> Exercise aim
Write out all the entries word for word, but skip any images.
§ §
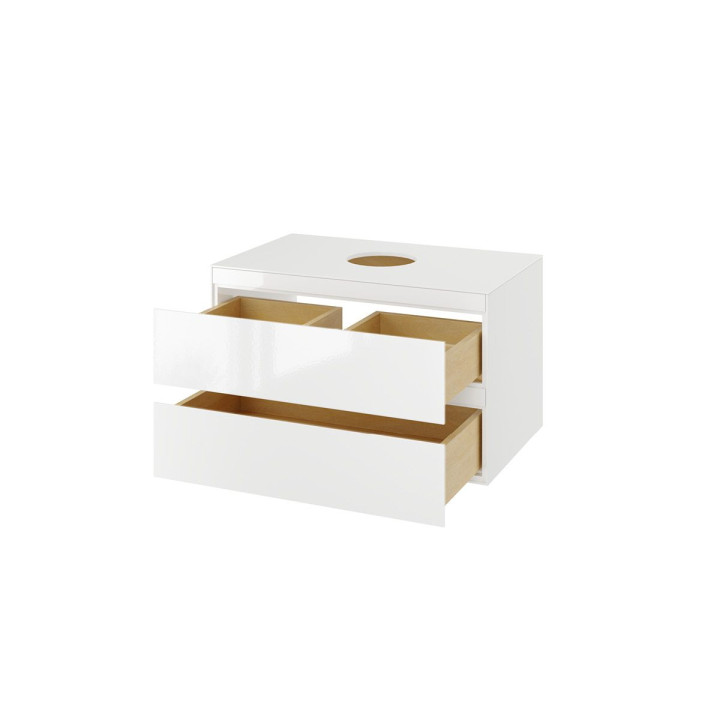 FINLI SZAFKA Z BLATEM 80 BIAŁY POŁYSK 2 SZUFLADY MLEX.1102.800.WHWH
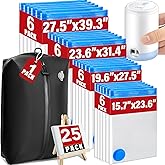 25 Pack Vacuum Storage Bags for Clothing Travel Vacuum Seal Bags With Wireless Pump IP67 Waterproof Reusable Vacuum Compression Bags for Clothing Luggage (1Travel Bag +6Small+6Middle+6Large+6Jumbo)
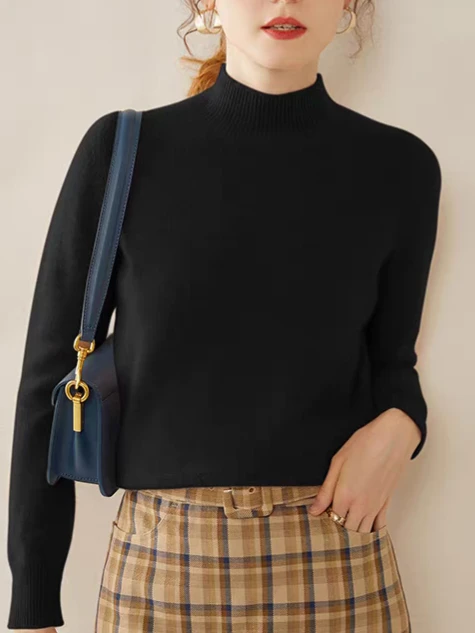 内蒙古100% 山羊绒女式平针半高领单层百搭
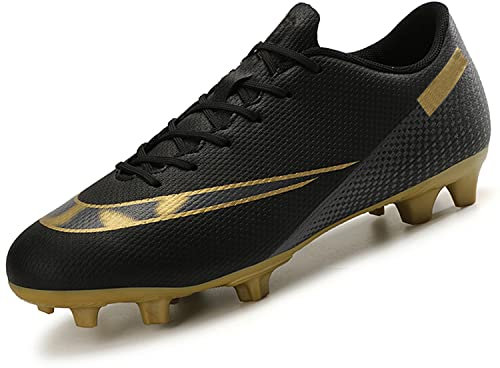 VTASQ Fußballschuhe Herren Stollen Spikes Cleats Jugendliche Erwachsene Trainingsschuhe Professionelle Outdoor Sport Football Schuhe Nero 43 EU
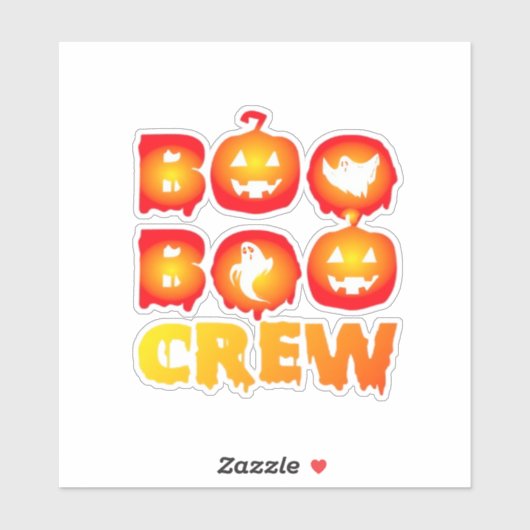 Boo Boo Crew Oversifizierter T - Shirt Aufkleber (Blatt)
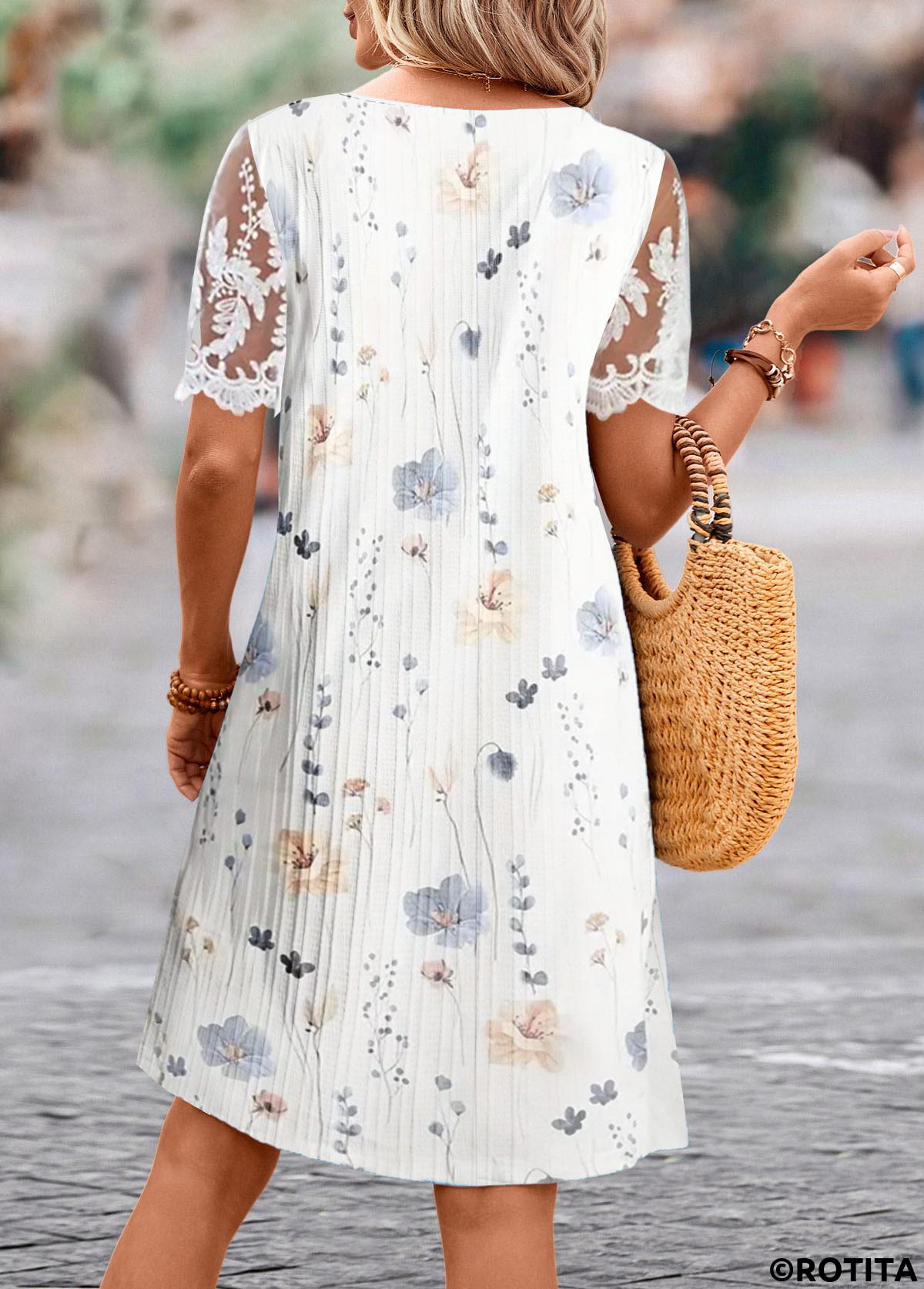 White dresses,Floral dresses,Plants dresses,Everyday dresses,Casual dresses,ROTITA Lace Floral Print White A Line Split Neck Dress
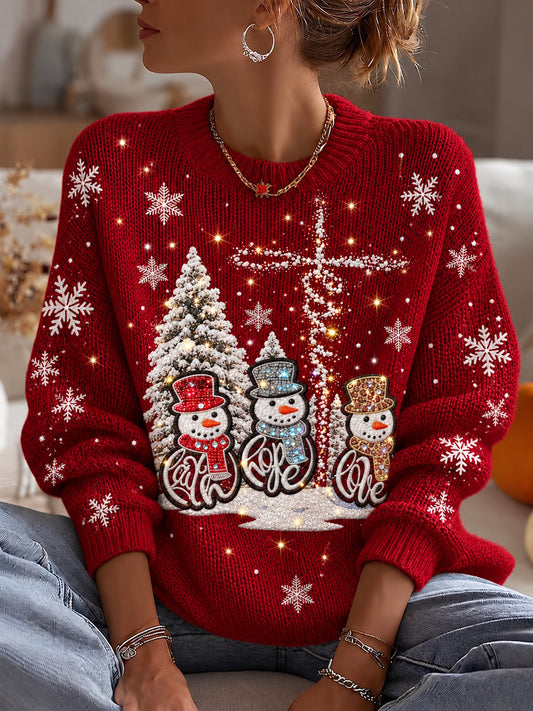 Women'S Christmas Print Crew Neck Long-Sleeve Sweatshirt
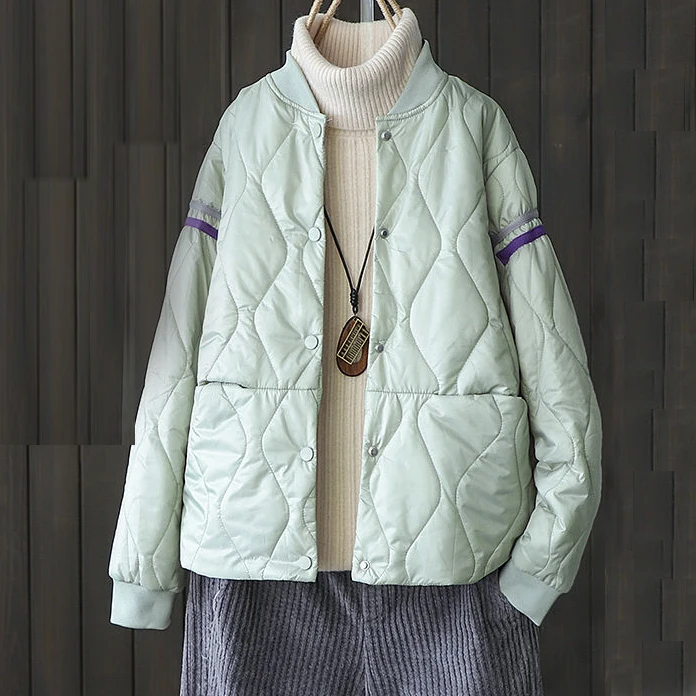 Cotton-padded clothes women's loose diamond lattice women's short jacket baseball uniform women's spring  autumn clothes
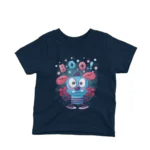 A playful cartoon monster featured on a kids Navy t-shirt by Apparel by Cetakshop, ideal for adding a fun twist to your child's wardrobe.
§ §
> Response area
 FINLI SZAFKA Z BLATEM 80 BIAŁY POŁYSK 2 SZUFLADY MLEX.1102.800.WHWH
 25 Pack Vacuum Storage Bags for Clothing Travel Vacuum Seal Bags With Wireless Pump IP67 Waterproof Reusable Vacuum Compression Bags for Clothing Luggage (1Travel Bag +6Small+6Middle+6Large+6Jumbo)
 内蒙古100% 山羊绒女式平针半高领单层百搭
 VTASQ Fußballschuhe Herren Stollen Spikes Cleats Jugendliche Erwachsene Trainingsschuhe Professionelle Outdoor Sport Football Schuhe Nero 43 EU
 Boo Boo Crew Oversifizierter T - Shirt Aufkleber (Blatt)
 White dresses,Floral dresses,Plants dresses,Everyday dresses,Casual dresses,ROTITA Lace Floral Print White A Line Split Neck Dress
 Women'S Christmas Print Crew Neck Long-Sleeve Sweatshirt
 Cotton-padded clothes women's loose diamond lattice women's short jacket baseball uniform women's spring  autumn clothes
 A playful cartoon monster featured on a kids Navy t-shirt by Apparel by Cetakshop, ideal for adding a fun twist to your child's wardrobe.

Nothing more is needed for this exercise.